→ **Data section**
____________________

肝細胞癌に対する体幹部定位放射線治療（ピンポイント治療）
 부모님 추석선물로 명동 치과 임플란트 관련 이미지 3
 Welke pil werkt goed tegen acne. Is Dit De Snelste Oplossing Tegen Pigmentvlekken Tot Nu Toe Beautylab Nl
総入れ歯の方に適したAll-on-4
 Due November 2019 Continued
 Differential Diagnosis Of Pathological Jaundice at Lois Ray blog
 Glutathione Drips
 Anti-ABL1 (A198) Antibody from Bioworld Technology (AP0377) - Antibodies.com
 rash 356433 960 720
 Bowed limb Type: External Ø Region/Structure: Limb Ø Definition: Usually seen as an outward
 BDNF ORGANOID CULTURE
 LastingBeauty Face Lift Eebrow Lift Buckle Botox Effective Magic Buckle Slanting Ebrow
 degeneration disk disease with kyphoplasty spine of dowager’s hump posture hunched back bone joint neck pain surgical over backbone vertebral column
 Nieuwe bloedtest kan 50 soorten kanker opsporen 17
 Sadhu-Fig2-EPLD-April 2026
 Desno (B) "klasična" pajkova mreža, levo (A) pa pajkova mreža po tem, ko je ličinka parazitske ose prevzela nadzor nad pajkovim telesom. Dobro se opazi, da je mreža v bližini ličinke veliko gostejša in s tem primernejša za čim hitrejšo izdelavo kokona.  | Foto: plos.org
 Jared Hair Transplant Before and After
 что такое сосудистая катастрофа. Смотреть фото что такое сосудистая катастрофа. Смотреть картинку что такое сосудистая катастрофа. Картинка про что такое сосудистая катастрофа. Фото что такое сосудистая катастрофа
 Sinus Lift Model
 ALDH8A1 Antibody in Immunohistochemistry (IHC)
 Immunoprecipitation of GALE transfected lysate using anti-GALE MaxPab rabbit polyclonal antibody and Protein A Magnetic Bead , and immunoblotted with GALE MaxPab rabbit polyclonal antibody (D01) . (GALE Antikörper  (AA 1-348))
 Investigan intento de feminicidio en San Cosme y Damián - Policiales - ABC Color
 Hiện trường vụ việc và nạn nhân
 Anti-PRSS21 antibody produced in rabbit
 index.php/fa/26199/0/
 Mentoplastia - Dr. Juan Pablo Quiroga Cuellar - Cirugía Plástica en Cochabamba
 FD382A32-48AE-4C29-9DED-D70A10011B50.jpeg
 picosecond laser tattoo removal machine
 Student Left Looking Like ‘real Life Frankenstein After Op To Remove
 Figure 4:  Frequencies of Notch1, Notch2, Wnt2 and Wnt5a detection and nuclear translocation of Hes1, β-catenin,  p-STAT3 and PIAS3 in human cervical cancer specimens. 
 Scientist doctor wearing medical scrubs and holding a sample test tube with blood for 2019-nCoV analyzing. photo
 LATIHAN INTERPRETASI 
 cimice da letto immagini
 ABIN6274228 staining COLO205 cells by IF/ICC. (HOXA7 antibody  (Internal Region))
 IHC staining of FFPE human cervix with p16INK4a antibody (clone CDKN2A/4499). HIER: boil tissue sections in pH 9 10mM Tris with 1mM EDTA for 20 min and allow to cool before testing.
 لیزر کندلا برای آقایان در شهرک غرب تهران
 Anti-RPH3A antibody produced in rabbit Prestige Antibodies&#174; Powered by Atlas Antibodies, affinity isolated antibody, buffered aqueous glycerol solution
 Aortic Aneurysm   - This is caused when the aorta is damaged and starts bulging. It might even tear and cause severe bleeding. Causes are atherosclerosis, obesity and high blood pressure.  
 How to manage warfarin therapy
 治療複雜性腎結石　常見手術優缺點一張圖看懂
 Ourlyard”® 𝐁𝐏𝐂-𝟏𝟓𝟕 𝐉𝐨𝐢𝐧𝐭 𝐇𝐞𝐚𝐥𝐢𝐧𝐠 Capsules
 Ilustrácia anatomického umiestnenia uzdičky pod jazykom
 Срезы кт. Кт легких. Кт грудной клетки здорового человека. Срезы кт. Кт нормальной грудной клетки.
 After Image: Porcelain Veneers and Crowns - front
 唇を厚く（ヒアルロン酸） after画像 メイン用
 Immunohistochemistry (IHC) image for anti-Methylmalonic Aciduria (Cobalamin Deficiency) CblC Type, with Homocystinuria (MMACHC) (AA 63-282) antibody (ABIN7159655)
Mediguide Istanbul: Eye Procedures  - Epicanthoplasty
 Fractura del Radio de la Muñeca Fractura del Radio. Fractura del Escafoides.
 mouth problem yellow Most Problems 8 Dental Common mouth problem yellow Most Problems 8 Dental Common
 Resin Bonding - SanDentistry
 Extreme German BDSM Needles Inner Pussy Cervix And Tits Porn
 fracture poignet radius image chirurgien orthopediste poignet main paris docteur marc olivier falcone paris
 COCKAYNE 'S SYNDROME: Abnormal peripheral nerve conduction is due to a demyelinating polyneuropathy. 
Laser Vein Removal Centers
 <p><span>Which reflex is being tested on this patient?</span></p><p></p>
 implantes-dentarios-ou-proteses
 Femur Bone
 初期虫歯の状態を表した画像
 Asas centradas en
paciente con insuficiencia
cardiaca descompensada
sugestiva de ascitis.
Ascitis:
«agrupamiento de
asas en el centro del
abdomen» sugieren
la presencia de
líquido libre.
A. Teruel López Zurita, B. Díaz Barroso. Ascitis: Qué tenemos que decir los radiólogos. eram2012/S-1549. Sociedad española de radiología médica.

____________________

→ **Activity**
Look through the entries, and return every line that the word "Lift" appears in.

→ **Output below**
 LastingBeauty Face Lift Eebrow Lift Buckle Botox Effective Magic Buckle Slanting Ebrow
 Sinus Lift Model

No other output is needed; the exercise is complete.